At any rate, I think it may be time to install a home surveillance system so I'm able to keep track of what goes on around the property while I'm not around. 

I would like to hook 4-5 cameras up via Ethernet (wireless is doable but I have no prob wiring everything) to a computer dedicated to saving all the video. I would need the cameras to be weatherproof.

Thus far I've found this and this camera, both have decent reviews but I dont know enough to understand the specs completely. One says it has a BNC connection type - but what is that? 

What stores (if any) specialize in this type of product? I love newegg but its selection isnt very large. 

Anyone on here have a system set up? Any advice/directions/things to know?


----------



## squigglethecow (Dec 26, 2008)

Also on the software side - I know Blue Iris is a popular choice. Does it work with any camera connected to the system?


----------



## Raylo (Feb 12, 2006)

Hi Squiggle,

This is a fairly complicated topic. There are several ways to go. (1) CCTV cams (the kind with your BNC connector) with a DVR, (2) CCTV cams and a capture card that lets your PC work like a DVR, or (3) a purely ip setup that uses ip network cams that connect to your network wired (normal ethernet or POE if cam and switch can support it) and/or wirelessly (802.11g).

I am running a 4 cam setup with Blue Iris on my PC and 4 ip cams. Blue Iris supports a large array of ip cams for MP4 and MJPEG and includes a generic H.264 profile. It is fairly straightforward to get up and running if you are a little familiar with basic video and network settings and such. It allows you to set up recording on motion detect or continuously and provides a webserver so you can monitor everything remotely when you are away from home.

One thing I would say is not go cheap on the cams... although most will do reasonably well in daylight. But low light and night time are much more challenging. Pure weatherproof outdoor cams can get very $$ so you might be able to put some indoor cams in windows facing out depending on sun angles and such. Also, if you don't want to spring for a true high quality day/night cam you can use a motion detect flood light to illuminate the scene when someone is afoot nearby. Also, those IR illuminators on the cheap cams tend to be very weak so don't believe their advertised night time ranges.

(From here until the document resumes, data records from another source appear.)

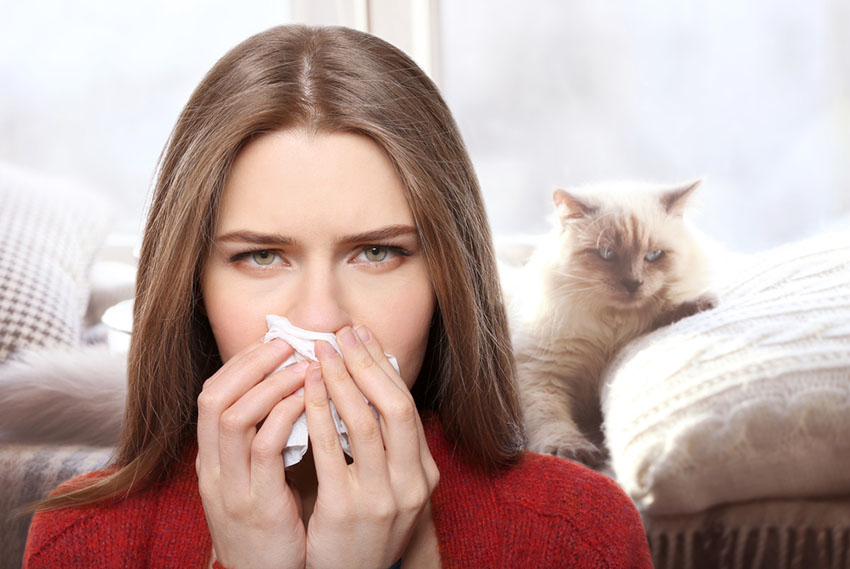Many people have a violent allergic reaction to cats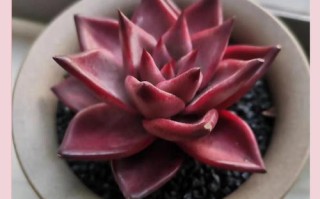 多肉植物象征幸运爱情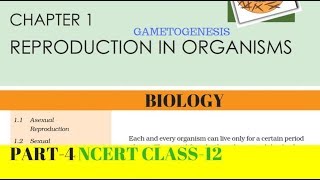 Part4 REPRODUCTION IN ORGANISMS chapter1 NCERT class 12th biology [upl. by Nor]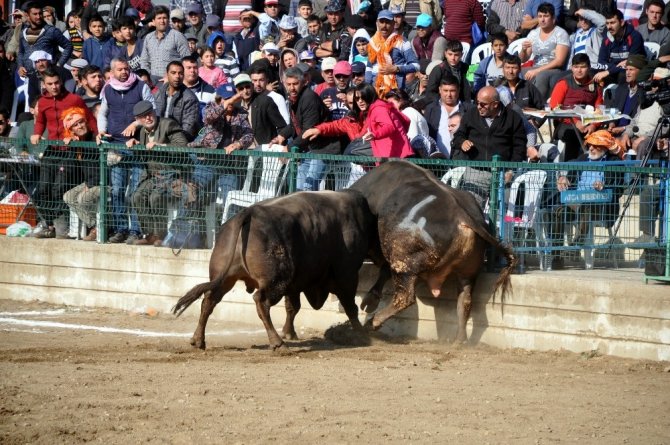 Boğa güreşleri Türkiye şampiyonası renkli görüntülere sahne oldu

Some quality cam brands are Axis, ACTi, Bosch, etc. In addition to their higher end stuff Axis makes a couple of nice moderately priced wireless models like this:

http://www.amazon.com/M1031-W-Network-Camera-Small-Indoor/dp/B001PF095K

But again this is not a true day night cam so you'll need a light source outside if looking out a window at night.

I don't have any experience with the cams you listed so can't specificaly advise. A good place to start is just with a search on Amazon or some such for network or ip camera, or CCTV camera, etc. There are many purveyors and lots of competition.

Oh, one more thing... video server software with a multi-cam ip setup uses a fair bit of computer power/resources. Make sure to consider that.


----------



## squigglethecow (Dec 26, 2008)

Thank you for the detailed reply, and I'm sorry I didnt respond back. I got a bit overwhelmed with classes.

I'm not TOO concerned about cameras working at night, since everyones usually home after dark and I doubt we'll have problems then. My big issue is during the day when everyones at work or school. Just today two of the kids who hang around next door were standing my our mailbox talking....its just weird. Who talks by another persons mailbox? 
Anyway daytime is my largest concern and motion-senor flood lights wouldnt be an isue to install if it came to that. 

I was thinking of building a PC and connecting all the cameras too it w/ blue iris to record everything. The largest obstacle is running all the wires. I've already wired my house w/ Ethernet and the attic is NOT a fun place to be working in. 

I know power and video lines need to be run separately, which is kinda a pain since I'll need to be finding places to plug everything in (there aren't any outlets on the exterior of the house). When people install systems like this do they usually install a bunch of outlets together and plug everything in there or do they just run wires to the nearest outlet indoors?


----------



## Raylo (Feb 12, 2006)

You don't need separate power and video lines if you use power over ethernet cams... and have a POE switch or injector. Data and power both go over the network cable. Also, there are plenty of wifi cams out there. For those all you would need is a power outlet for each... and, of course, a wireless router or access point on your network.


----------



## squigglethecow (Dec 26, 2008)

What cameras would support power over ethernet?


----------



## squigglethecow (Dec 26, 2008)

Also if the cameras are ethernet will the computer w/ blue iris be able to record multiple streams simultaneously? 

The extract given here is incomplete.